“Achieving fully neural processing, covering both the field of acoustic signals and that of transcription in words and text.”
At Orange, speech recognition has been the focus of many research projects over the past 20 years. Projects in this area center around internal solutions, including one originally designed as a platform for audiovisual stream analysis and automated indexing and extraction of content.
Achieving fully neural processing, covering both the field of acoustic signals and that of transcription in words and text.
The Neural Processing Breakthrough
As Henri Sanson, Head of Decision and Knowledge Technology Research, and Benoit Besset, Speech Recognition Research Engineer, explain, “Projects have historically been divided into two technological areas. One relates to the transcription of content, while the other is focused on interactive voice servers. Today, a single piece of technology can meet a wide variety of needs from a common software base. In the mid-2010s, the arrival of neural processing was a major technological breakthrough. The use and development of deep learning methods and systems coincided with a significant qualitative leap, and marked the starting point for a new field of technology.”
Toward Fully Neural Solutions
The speech recognition systems that emerge from this breakthrough favor a hybrid architecture. While neural networks are used for processing acoustic signals and transforming vibrations into phonemes, more traditional layers of software then take the lead, with the use of graphs for matching sounds with words. From 2019, an alternative technological strategy was created, based on an end-to-end neural approach. “The goal is to achieve fully neural processing, covering both the field of acoustic signals and that of transcription in words and text,” says Valentin Vielzeuf, AI Researcher in speech recognition.
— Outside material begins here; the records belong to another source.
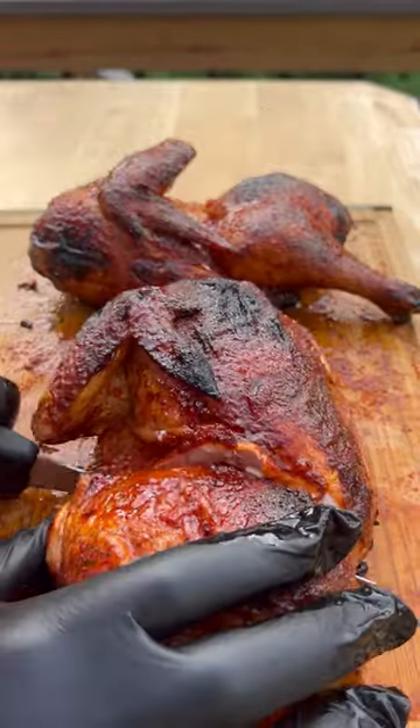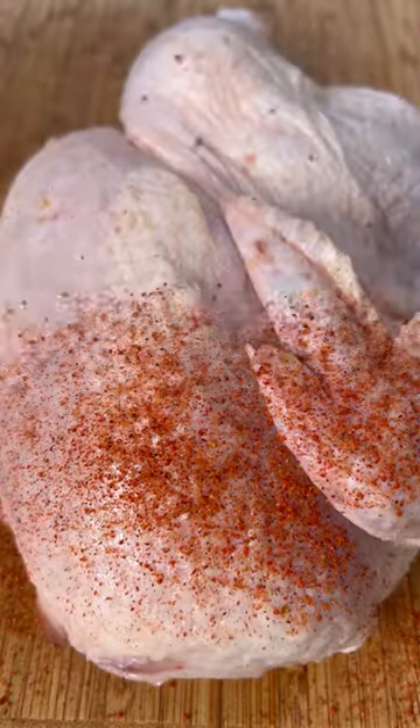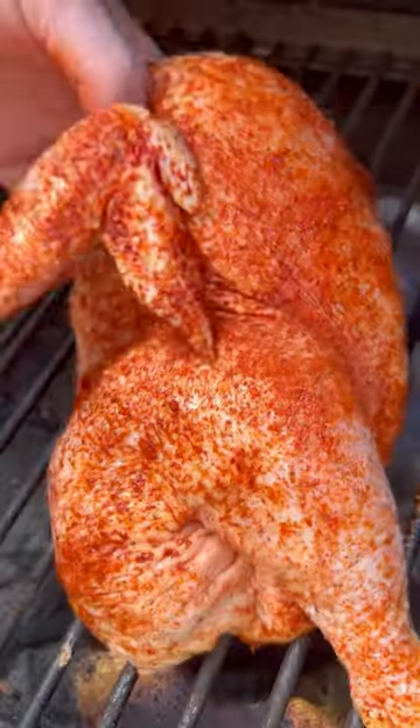These chicken halves with a hot pepper glaze are going to make you rethink the way you make chicken. Start by taking your chicken and season it up liberally on all sides. Once that's done, you're going to throw it on the grill at about 375 degrees.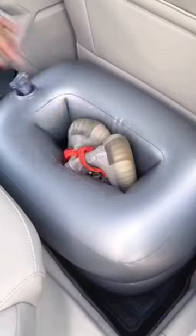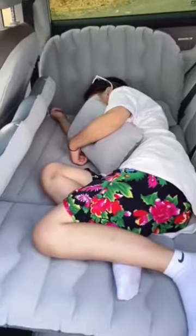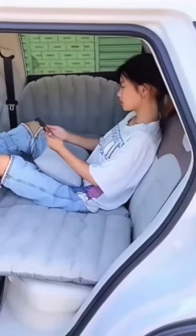It comes with a pump that plugs into your cigarette lighter that can inflate this entire mattress in less than a minute. They have so many different sizes depending on your car, and it comes with two pillows.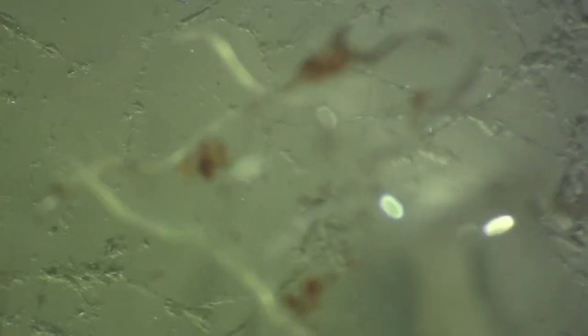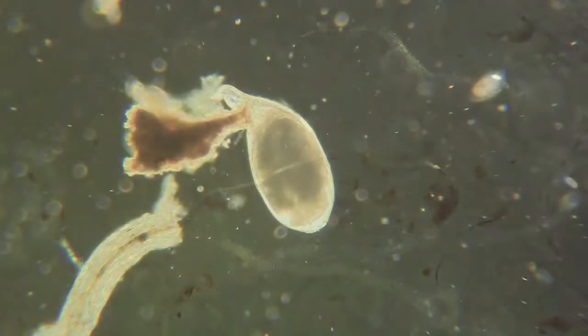We'll zoom in a little bit more so you can see it. It's not quite a mature female — it doesn't look like she has any eggs yet — but that's what we're looking for to confirm. The galls were caused by a nematode, and most likely a root-knot nematode. The other thing we want to make sure with this nematode is that we see a stylet. We always like to double check, so we'll move this over to a compound microscope.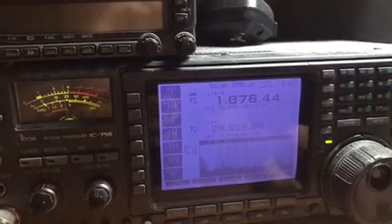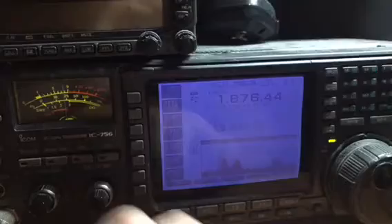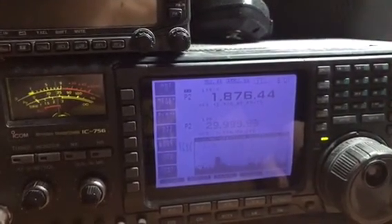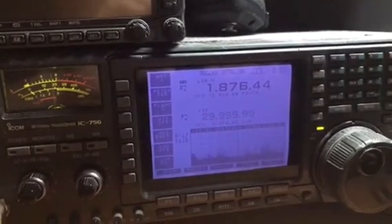So we started at 1.8 MHz and we're now at 1.876. Pretty busy band, and there are nights that the phone portion of the band is pretty busy too. So that's what we hear out here on the west coast.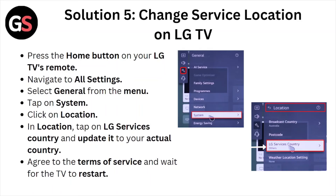Solution number 5: Change the service location on the LG TV. Press the home button on your LG TV remote. Navigate to all settings and select general from the menu. Tap on system, then click on location. Tap on LG services country and update it to your actual country. Agree to the terms of service and wait for the TV to restart.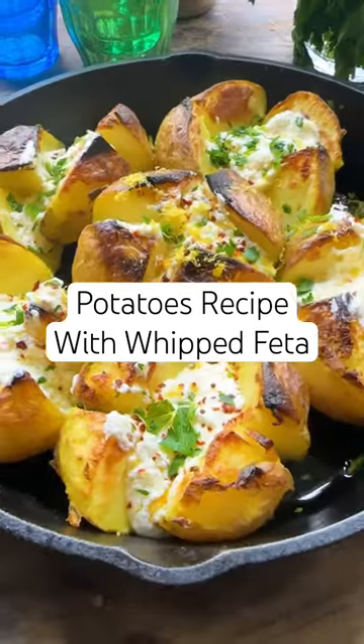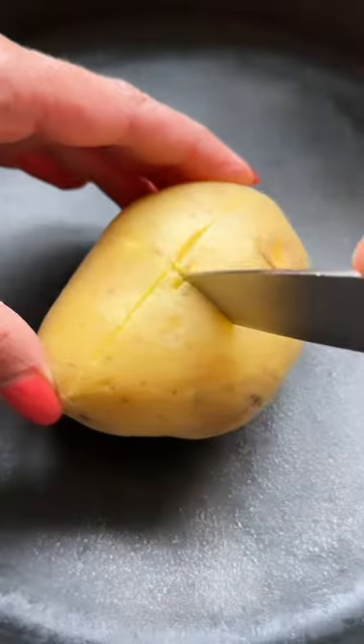This is a stupid easy recipe, but I promise you, you won't be making potatoes any other way. Come with me. All you do is boil your potatoes in a big pot of water with a generous pinch of kosher salt.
This single-block architecture would, for example, simplify the model’s training and optimize updates. The fully neural approach effectively simplifies training and removes the need for certain “manual” steps necessary to train a hybrid model (alignment between audio and text, definition of a glossary, noting down of disfluencies). Doing away with these steps makes it easier to process a large amount of data and therefore enables progress toward a better generalization of the model, especially when dealing with certain accents and noises.”
Ubiquitous Technologies
The transition to this new generation of systems will, however, take some time, in order to overcome any technical barriers or issues. The path to using a fully neural approach involves careful consideration of certain issues, such as a relative loss of control over what happens inside the neural network, which could invent its own words, for example.
That aside, the use of voice recognition continues to grow in the tech and digital fields. Popularized through its implementation in interactive voice systems, speech recognition can also, from the point of view of a carrier such as Orange, be used to analyze customer conversations with call centers or to recognize the voice input of reports for field engineers.
Its influence could spread further if combined with other technologies — for example lip reading, for dual audio and visual speech recognition, offering improved performance.